→ **Raw data**:
Content starts
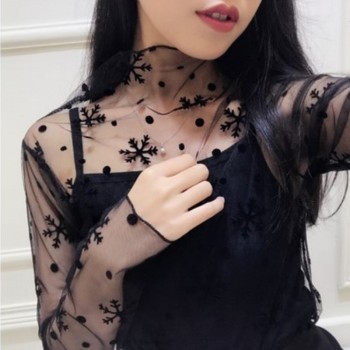 Lady Sexy Mesh Blouse Women Tops Long Sleeve Stand Collar Female Casual Polka Dot Star Shirt Transparent Elegant Tees Hollow Out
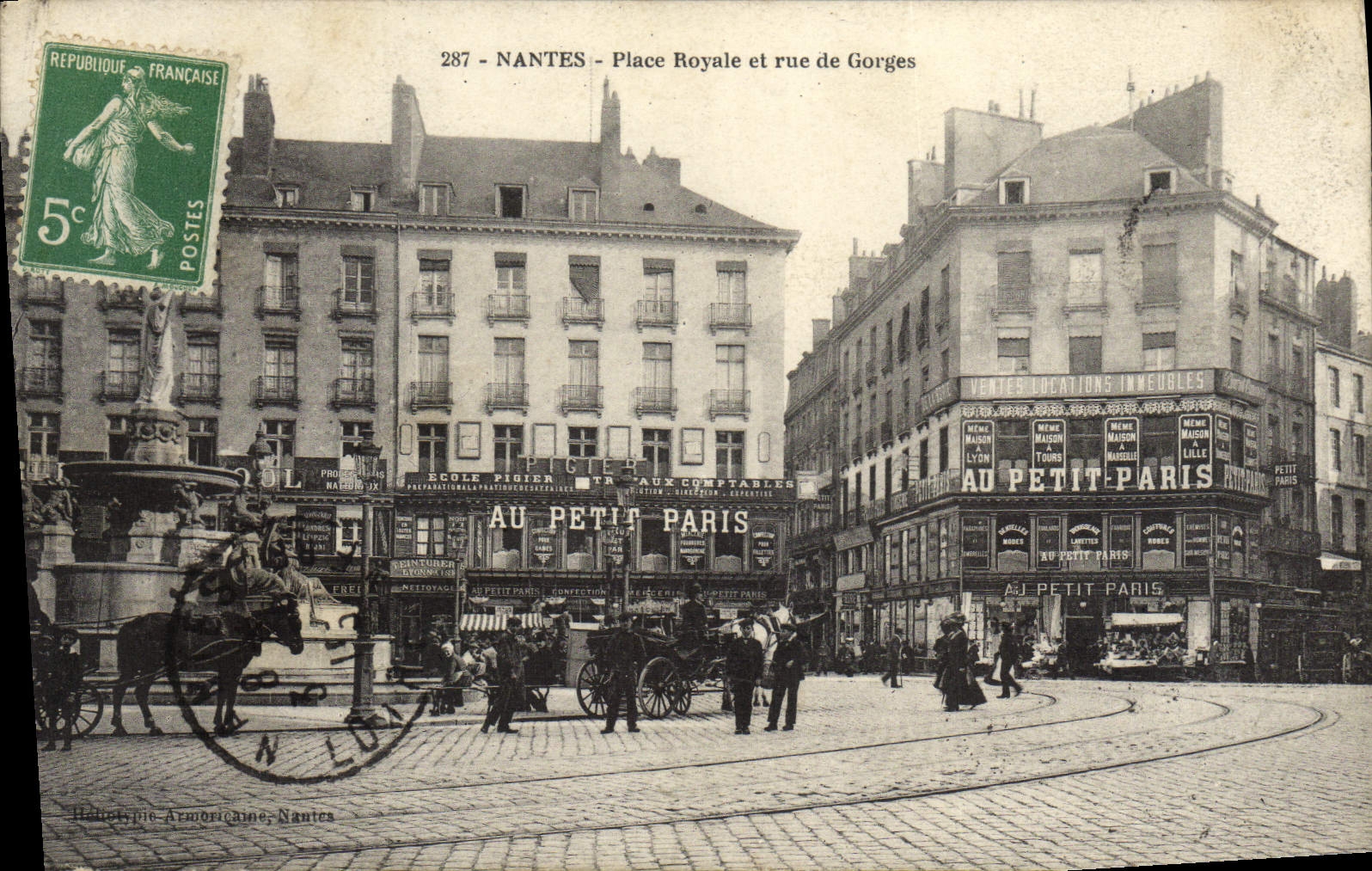 Lugares de Nantes de la POSTAL de la VENDIMIA reales y calle del almacén de la catarata en pequeña París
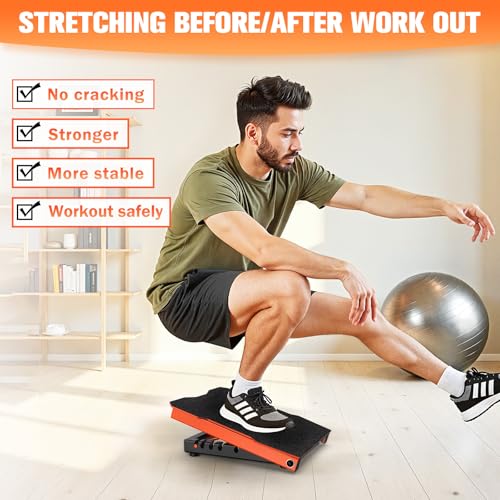 Steel Slant Board Calf Stretcher, 600 Lbs Weight Capacity 5-Level Adjustable Incline Board Squat Wedge Achilles Ankle Stretcher Non-Slip Surface for Squat, Fitness, Physical Therapy - color: Orange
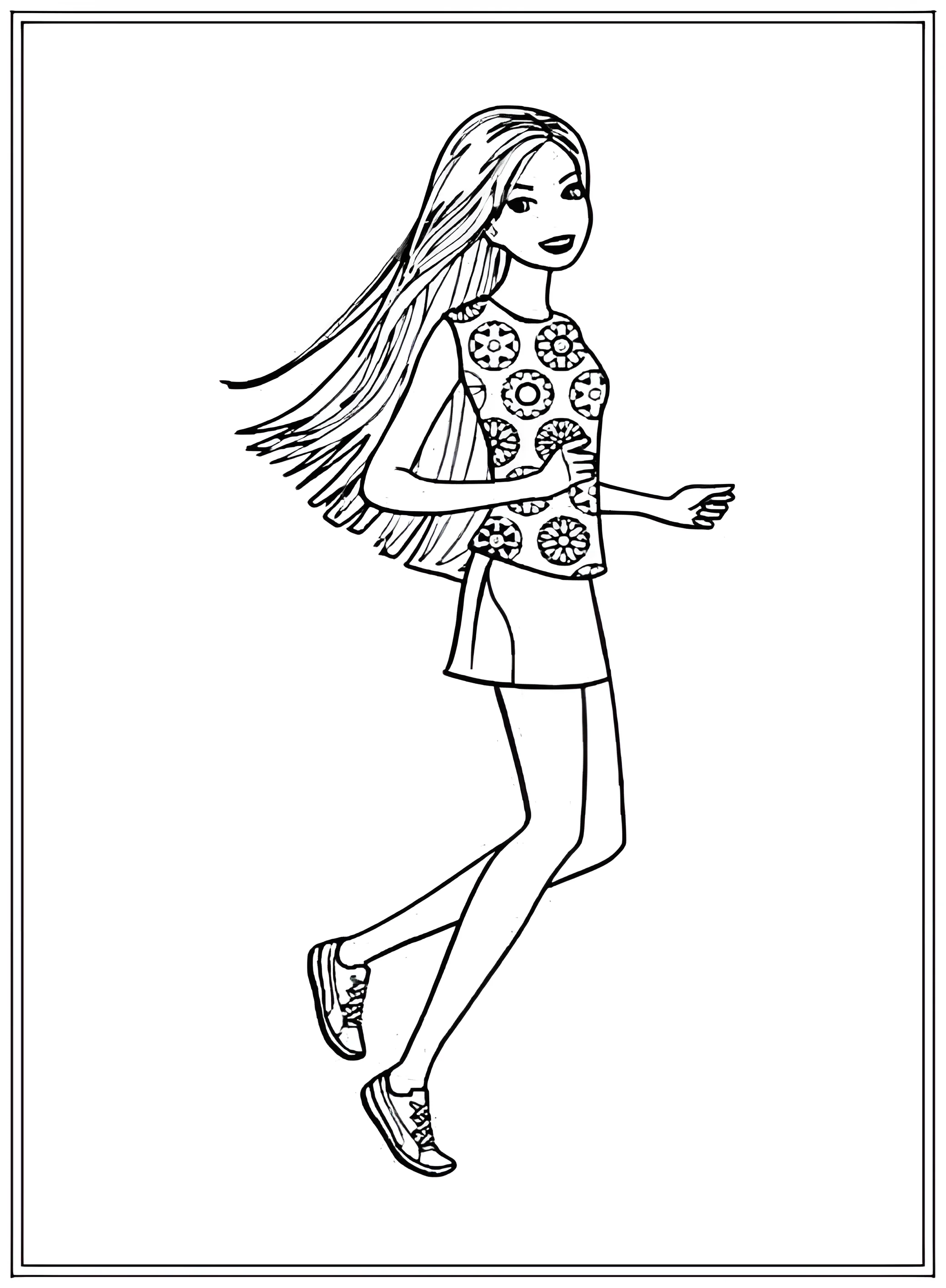 Летняя прогулка Barbie №1704. Раскраски по возрастам и полу. Раскраски для девочек.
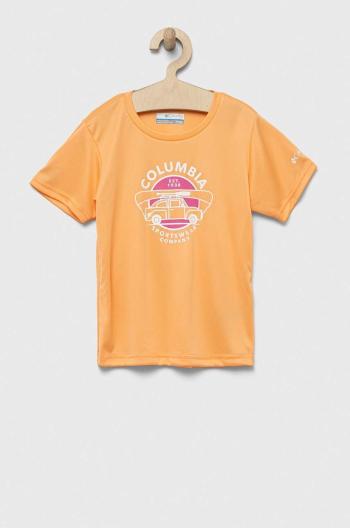 Dětské tričko Columbia Mirror Creek Short Sleeve Graphic Shirt oranžová barva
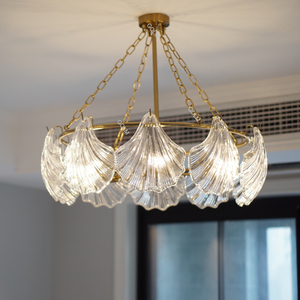 Lustre de plafond en forme de coquille, design nordique <span class=keywords><strong>vintage</strong></span> personnalisé, AC110V AC220V, verre transparent, LED, pour hall d'entrée - Product Image 1
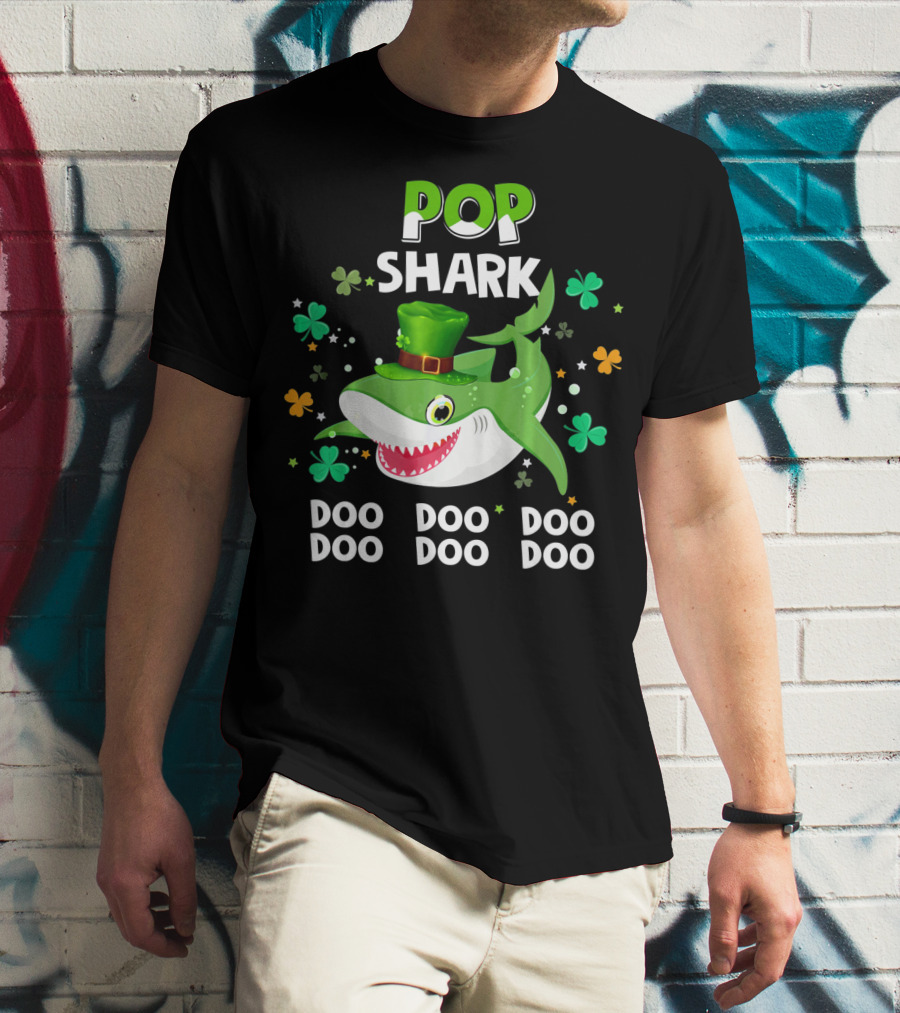 POP SHARK St. Patrick Day Doo Doo Doo Shamrock T-Shirt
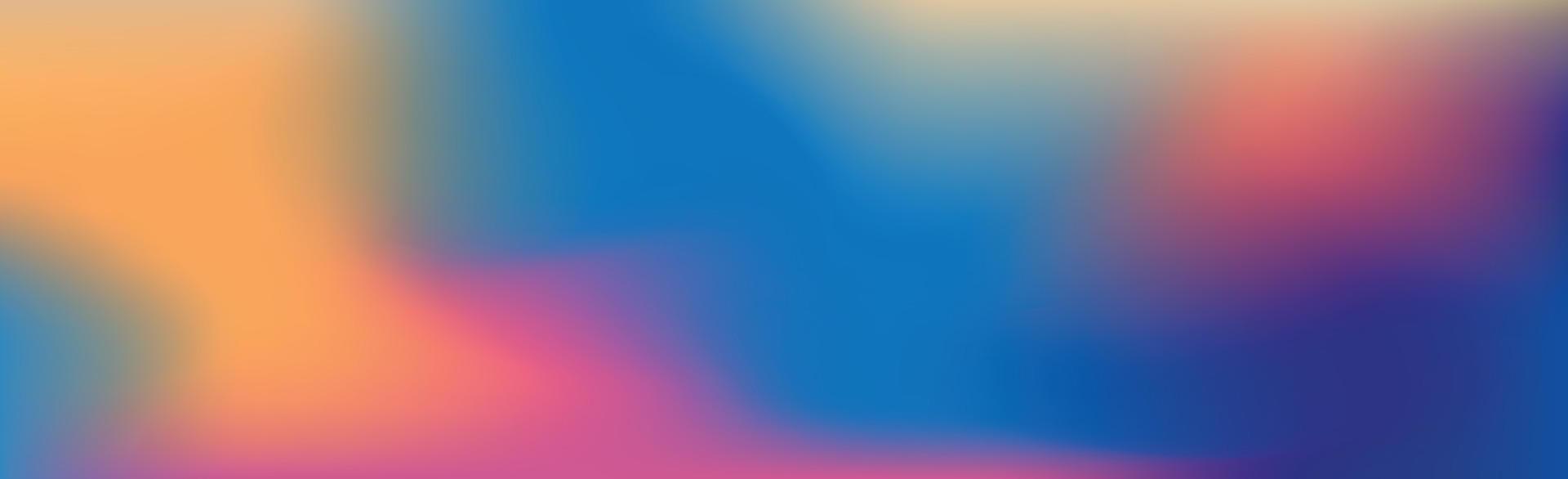 Blurred large panoramic summer background multicolored gradient vector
Content ends
→ **About this task**: Starting at the line that contains "Dětské tričko Columbia", reproduce each line exactly through the end of the entries above, leaving every picture out.

→ **Result**:
 Dětské tričko Columbia Mirror Creek Short Sleeve Graphic Shirt oranžová barva
 Lustre de plafond en forme de coquille, design nordique <span class=keywords><strong>vintage</strong></span> personnalisé, AC110V AC220V, verre transparent, LED, pour hall d'entrée - Product Image 1
 POP SHARK St. Patrick Day Doo Doo Doo Shamrock T-Shirt
 Blurred large panoramic summer background multicolored gradient vector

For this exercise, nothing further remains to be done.